Aunque diremos que no es totalmente lo mismo el pueblo de Dios de los relatos bíblicos, que el actual Estado de Israel de nuestros tiempos, aún cuando, en parte, sus historias están entrelazadas. Y aunque diremos que la historia de Jesús y la mirada sobre el Dios de Israel luego de su muerte y Resurrección generó cambios. Diremos con fuerza que al hacer estas afirmaciones no apoyamos ningún discurso de odio o antisemitismo, los cuales ciertamente rechazamos. Dicho esto, proseguimos analizando el uso de la imagen y el mensaje que se comunica.
En relación al concepto «pueblo de Dios» , en la perspectiva cristiana, como hemos sugerido hay algunas distinciones que surgen a partir de la llegada de Jesús, identificado por los cristianos como el Mesías esperado de Israel. Jesús fue rechazado por sus compatriotas y a partir de allí el entendimiento sobre el accionar de Dios en la historia se comienza a entender de maneras más amplias, abarcadoras y hasta universales. El terreno de la salvación, luego de Jesucristo, ya no solo en un territorio establecido, sino que se concibe en termino del mundo, de todas las naciones.

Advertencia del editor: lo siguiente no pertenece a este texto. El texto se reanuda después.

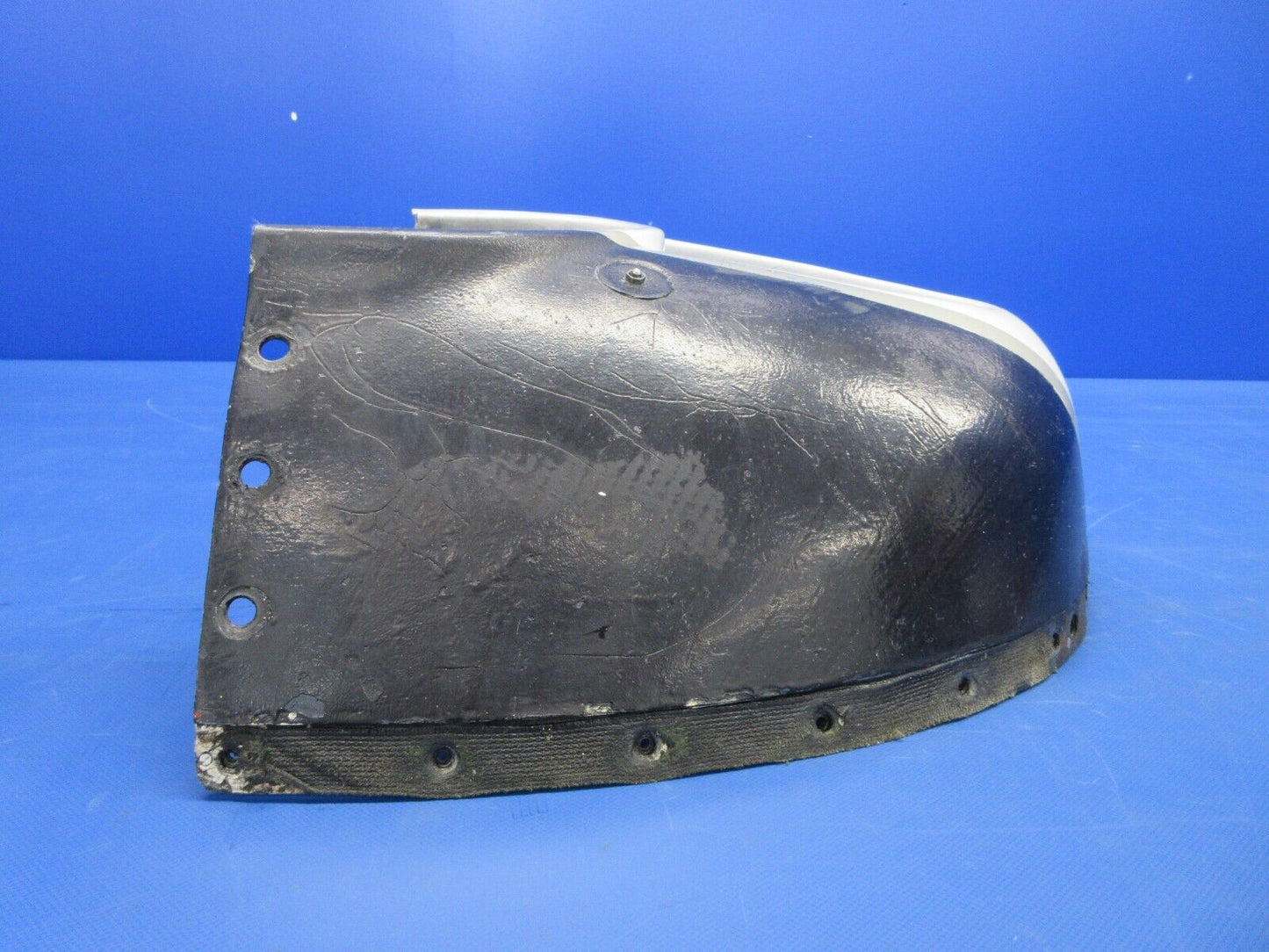 Piper PA-34-200T Seneca II Engine Nose Cowl Assy P/N 67998-00 (0524-1914)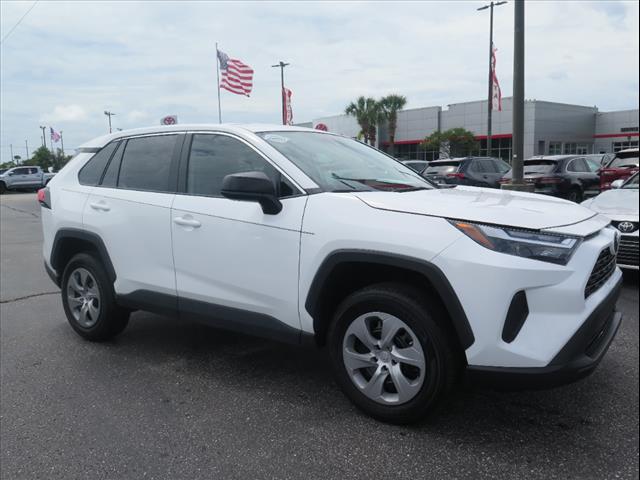 2023 Toyota RAV4 LE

En Jesucristo el pueblo de la fe no reclama fronteras, sino que se abre al mundo ofreciendo un nuevo pacto sellado, precisamente, en la sangre del Hijo derramada injustamente a las afueras de Jerusalén. Pero que Jesús «a los suyos vino y no le reconocieron». Y así mismo sus seguidores y seguidoras también fueron perseguidos, asesinados y estigmatizados en el Israel y Judá de 20 siglos atrás por pertenecer al camino de Jesús. Y así el nuevo pueblo de la fe caminó senderos nuevos y las seguidoras y seguidores de Jesús viajaron distancias largas, por tierra y mar alejándose del lugar donde habían nacido, para continuar siguiendo a un Dios, ahora, fuera de los límites de Israel y con una nueva identidad como pueblo, en un mundo más amplio donde llevaron la fe.
Y entonces los primeros cristianos y cristianas, surgidos muchos de ellos del pueblo de Abraham, de Isaac y de Jacob, de Moisés y de Elías, reconocieron en el Cristo muerto y resucitado, al Mesías, Rey Profeta, y Sacerdote prometido. Y así el Dios de los padres fue el refugio de las y los seguidores del Hijo, que nos enseñó a ver más claramente Dios, el cual es amor y no odio, justicia y no venganzas, ni persecuciones; así Dios es el que rescata a Jesús de la muerte y lo levanta con poder para extender la salvación a todas las naciones y a todas las personas que en Él crean, son fronteras, barreras o exclusiones.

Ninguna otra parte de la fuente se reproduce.